Television & New Media
- Discipline: Media studies
- Language: English
- Edited by: Diane Negra; Jonathan Corpus Ong

Publication details
- History: 2000–present
- Publisher: SAGE Publications (United States)
- Frequency: 8/year
- Impact factor: 1.135 (2017)

Standard abbreviations
- ISO 4: Telev. New Media

Indexing
- ISSN: 1527-4764 (print) 1552-8316 (web)
- LCCN: 99009518
- OCLC no.: 231901154

Links
- Journal homepage; Online access; Online archive;

= Television & New Media =

Television & New Media is a peer-reviewed academic journal that publishes papers in the field of communication. The journal's editors are Diane Negra (University College Dublin) and Jonathan Corpus Ong (University of Massachusetts at Amherst). It has been in publication since 2000 and is currently published by SAGE Publications.

== Scope ==
Television & New Media aims to highlight the most recent developments in the critical study of television and new media.

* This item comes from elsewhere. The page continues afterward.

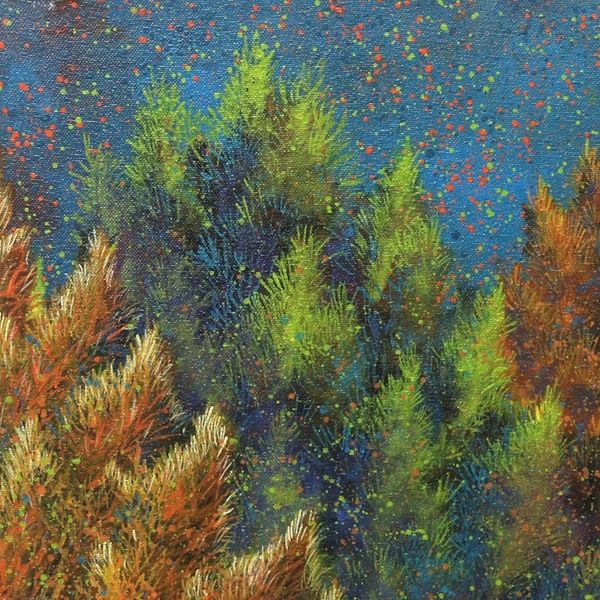 Alternate image for Acrylic Landscape Painting on Canvas Peace in Fir Forest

The journal covers interdisciplinary research into topics such as new media forms, audiences and consumers and globalization. Television & New Media also aims to address issues of economics, politics, culture and power and their relevance to new media forms, industries and contexts.

== Abstracting and indexing ==
Television & New Media is abstracted and indexed in, among other databases: SCOPUS, EBSCO databases, ProQuest databases, and the Social Sciences Citation Index. According to the Journal Citation Reports, its 2017 impact factor is 1.135, ranking it 49 out of 85 journals in the category 'Communication'.